◆ Data for review:
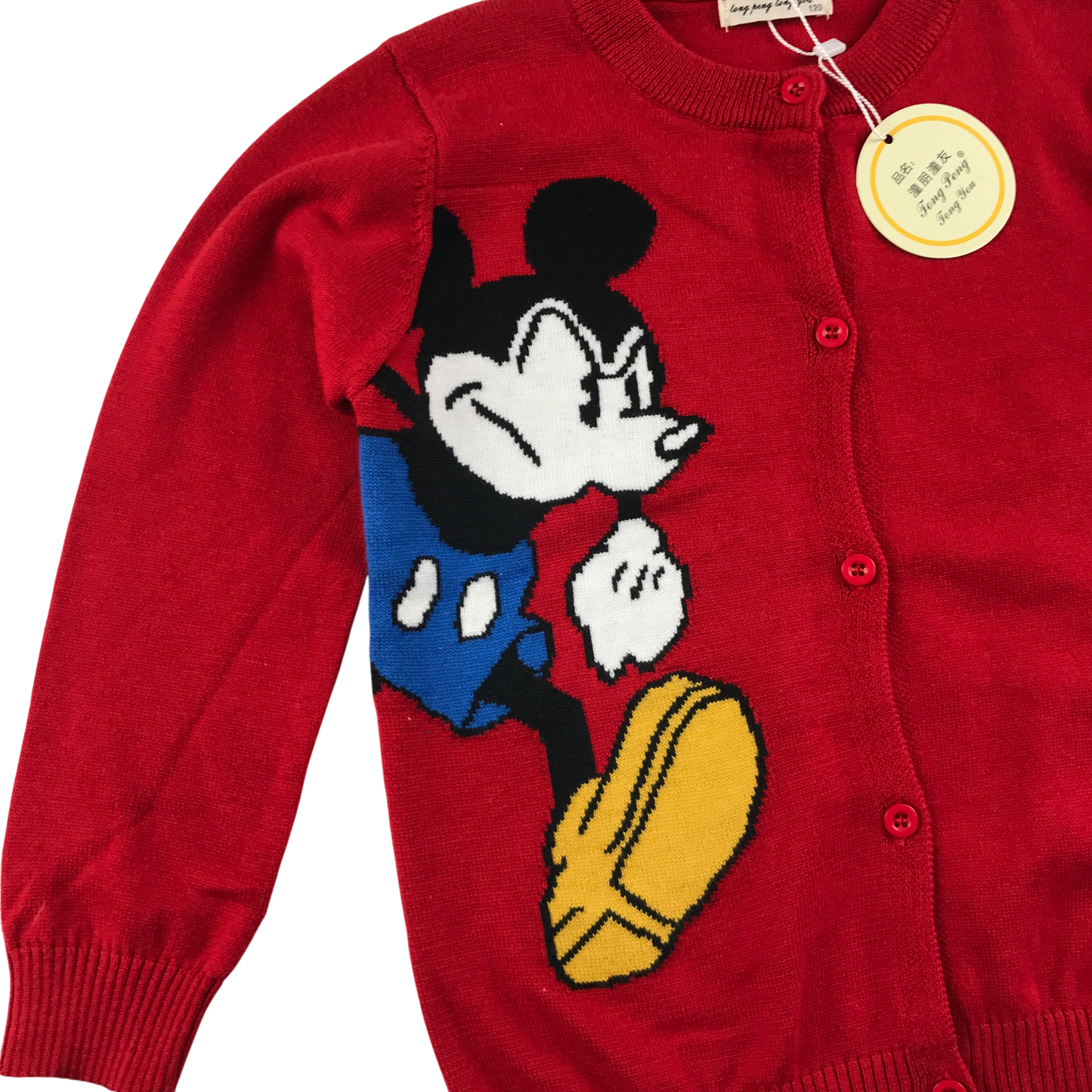 Tong Peng Cardigan 6-7 years Red Knit with Disney Mickey Mouse Pattern Cotton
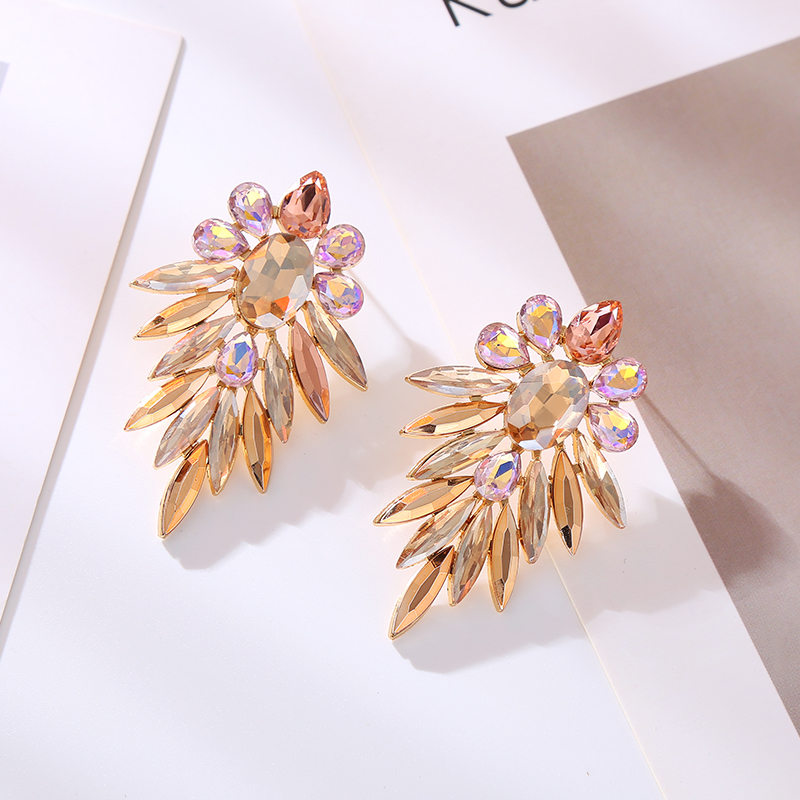 1 Pair Glam Shiny Geometric Plating Inlay Alloy Rhinestones Gold Plated Ear Studs display picture 3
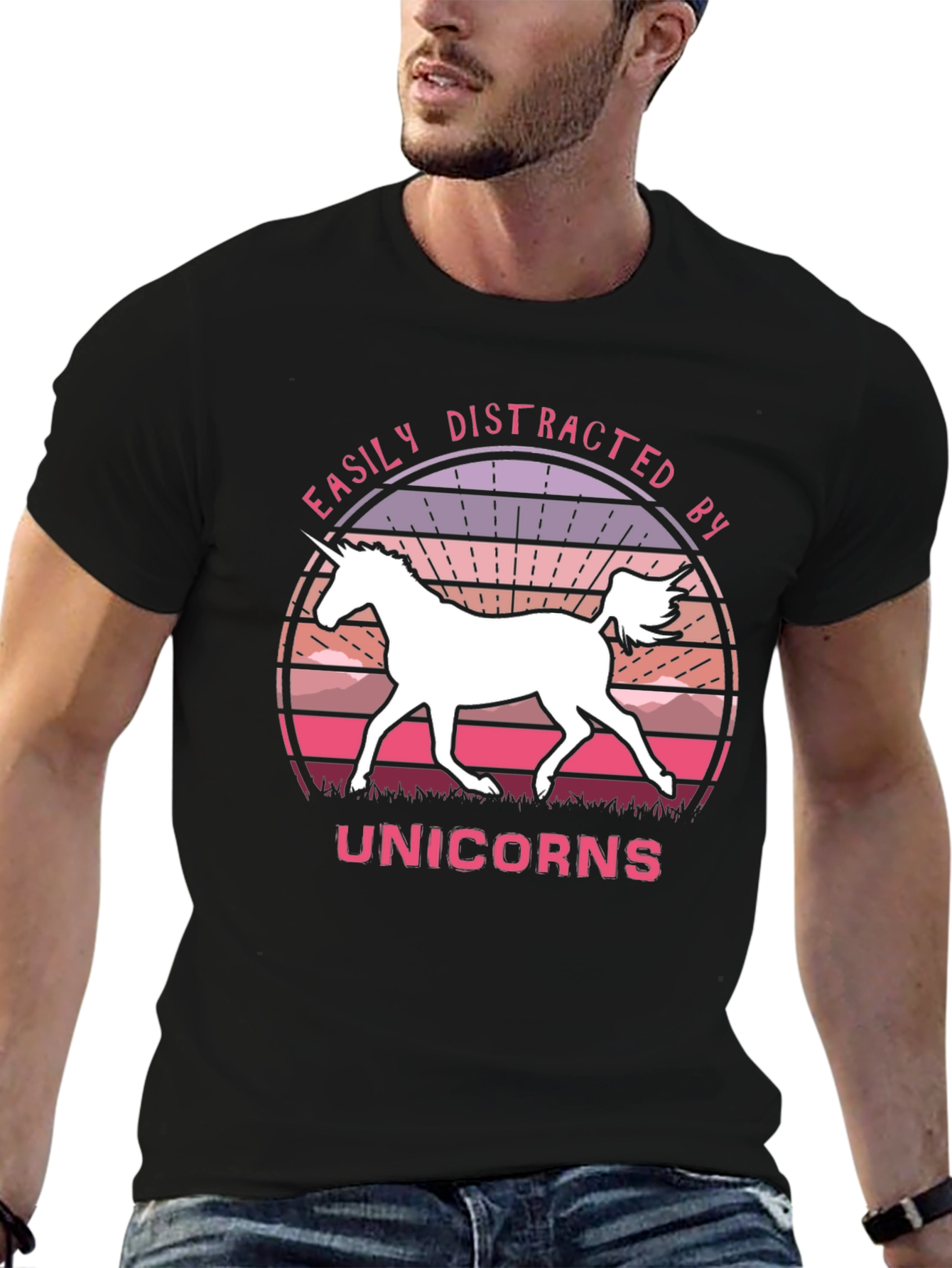 Easily Distracted By Unicorns Black T-Shirt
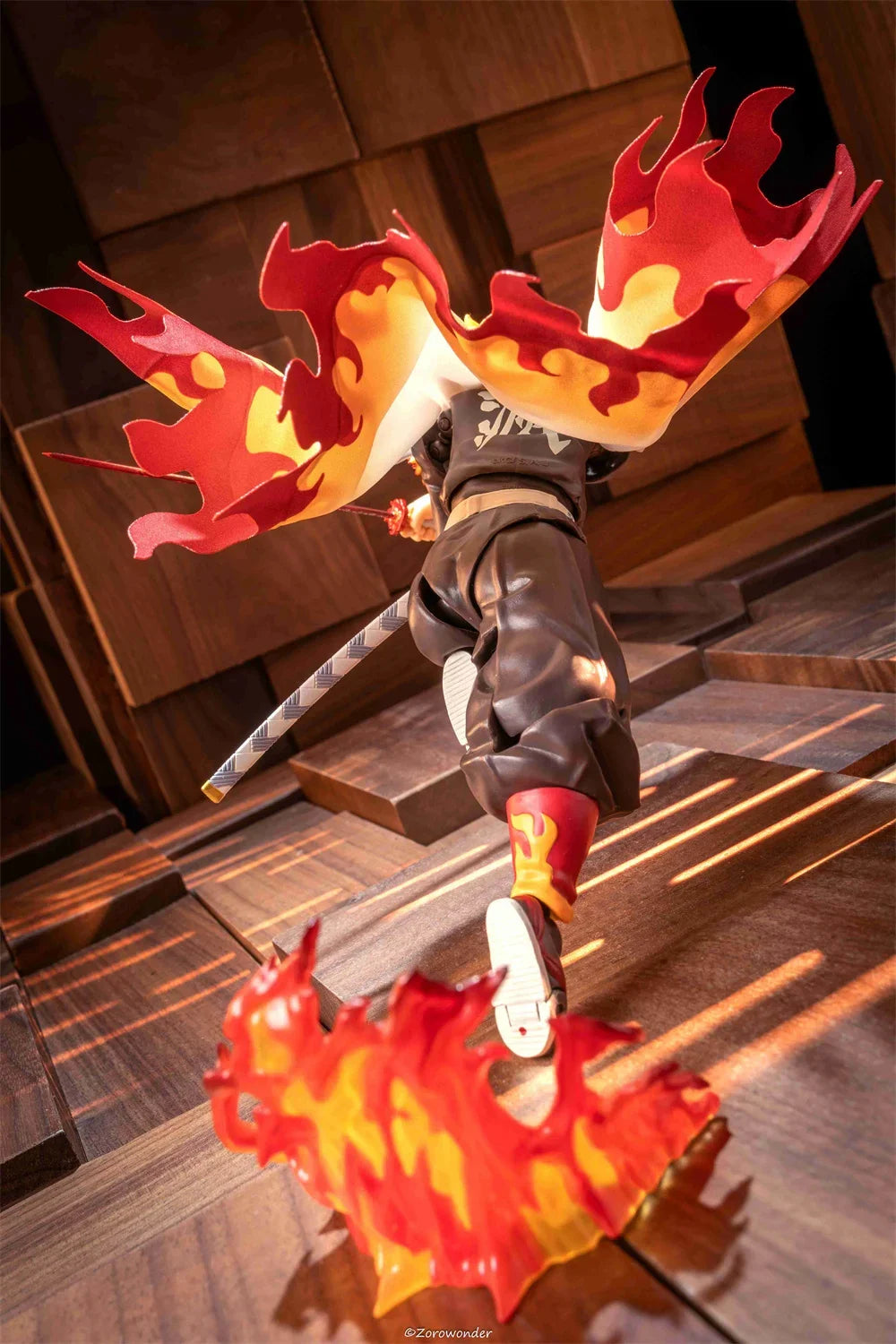 Demon Slayer 1/12 Male Soldier Anime BUZZmod Kyojuro Rengoku Flame Hashira Cape Cloak  For 6in Action Figure Model Toys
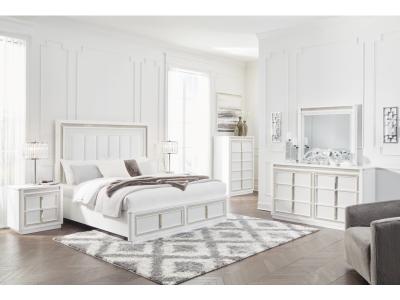 Signature Design by Ashley Chalanna Queen Upholstered Storage Bed, Dresser and Mirror - B822B3
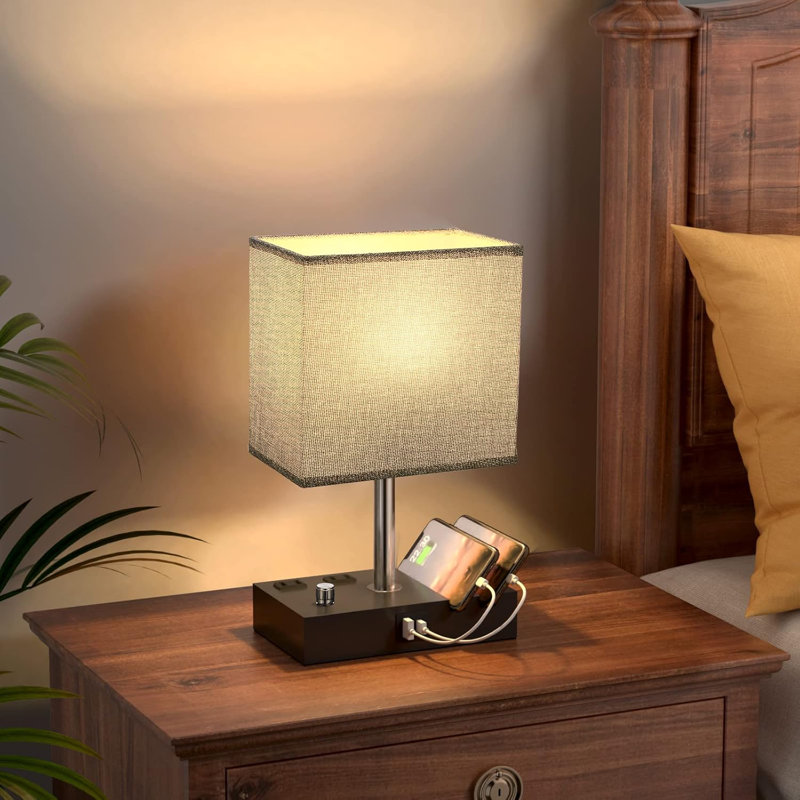 Grey Small Bedside Table Lamp with Charging Outlets and Phone StandsWooden Desk Lamp for Living Room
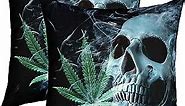 Marijuana Weed Leaf Throw Pillow Covers 16"x16" Set of 2 Soft Sugar Skull Pillow Cases Cushion Covers for Living Room Bedroom Skull Print Green Grey Decorative Throw Pillowcases for Sofa Couch Chair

◆ Work to be completed:
With the pictures left out, write out exactly the lines above from the one containing "1 Pair Glam" through the one containing "Grey Small Bedside".

◆ Answer to this exercise:
 1 Pair Glam Shiny Geometric Plating Inlay Alloy Rhinestones Gold Plated Ear Studs display picture 3
 Easily Distracted By Unicorns Black T-Shirt
 Demon Slayer 1/12 Male Soldier Anime BUZZmod Kyojuro Rengoku Flame Hashira Cape Cloak  For 6in Action Figure Model Toys
 Signature Design by Ashley Chalanna Queen Upholstered Storage Bed, Dresser and Mirror - B822B3
 Grey Small Bedside Table Lamp with Charging Outlets and Phone StandsWooden Desk Lamp for Living Room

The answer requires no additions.